Despite his attempts to commit what he called “slow suicide,” Williams said he miraculously survived. “God just wouldn’t let me go,” marveled Williams. “No matter how many times I overdosed, I kept surviving. I thought, Maybe God wants me to stay here on earth for some reason. I made a decision that I wanted to live,” Williams recalled.
Standing in court during another drug bust, Williams received a break from the judge. Aware that Williams was a long-time substance abuser, the judge sentenced Williams to the Warm Springs Rehabilitation Center.
“That is where I got clean and sober and I haven’t looked back since,” said Williams, who credits his recovery to an excellent substance abuse program and a caring counselor. “I started going to school and taking courses to become a substance abuse counselor.”
Williams said he was startled after he read statistics indicating that African American women between the ages of 25 and 44 had the highest infection rates for HIV and AIDS.
“I felt that since I was infected with HIV, I needed to break the stigma and the demonization of HIV in our community,” Williams maintained. “I felt that by disclosing my HIV status that I could educate other African Americans. Our silence about this disease is contributing to genocide in our own community.”
Aware of the “down-low” activity that was rampant in prison, Williams made it his mission to warn unsuspecting females about ex-felons who could possibly infect them with HIV.
The HIV prevention counselor now lectures throughout Los Angeles County about HIV and AIDS and the prison community.
“Statistics indicate that ninety two percent of all the prison inmates come from Los Angeles County. Most of the time, once they get paroled, they return to the county they were convicted in. That means that a huge number of inmates are going to return to Los Angeles County who are going to have sex with unsuspecting women,” he pointed out.

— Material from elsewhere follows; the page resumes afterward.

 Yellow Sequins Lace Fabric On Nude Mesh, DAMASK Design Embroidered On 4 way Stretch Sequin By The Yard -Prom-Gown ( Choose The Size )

Williams said that men who have served time behind bars are notorious for hiding their sexual history. “If you reveal that you have engaged in homosexual activity while in prison, that’s considered taboo in African American and Latino culture,” maintained Williams. “So, because of the stigma, ex-inmates keep their former sex life in the penitentiary a secret because they don’t want to be labeled as gay.”
The counselor said that it is crucial for women to engage in open dialog with post-incarcerated men and demand that unless they get tested together, they cannot indulge in sex. “The bottom line is, women have power over men,” Williams pointed out. “Women have to empower themselves and stand up and protect themselves because the formerly convicted aren’t going to reveal their sexual history.”

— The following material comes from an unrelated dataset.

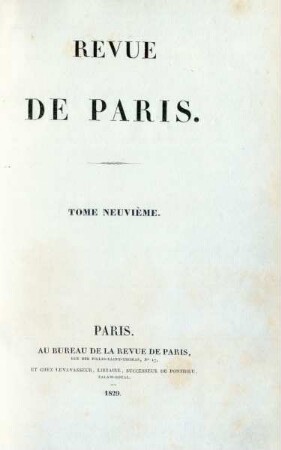 Tome neuvième: La Revue de Paris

Williams added that there should be reforms in the prison system to curtail the threat of HIV and AIDS. “We have to find a way to distribute condoms in prison and to make it mandatory to test the inmates before they go in the prison system and when they come out,” he urged.
Williams was also concerned that the message about HIV and AIDS has been slow to infiltrate the African American and Latino communities. “We need to mobilize as a community around HIV and AIDS and stop waiting on the government to solve our problems. Our churches need to get more involved in the HIV and AIDS crisis. And if a person has AIDS, we also need to heal each other instead of stigmatizing each other.”
Williams felt that the black community needed to become more aware of HIV and AIDS and how it continues to decimate communities of color. “The face of HIV and AIDS is no longer a gay, white disease; it is now the disease of people of color,” Williams pointed out.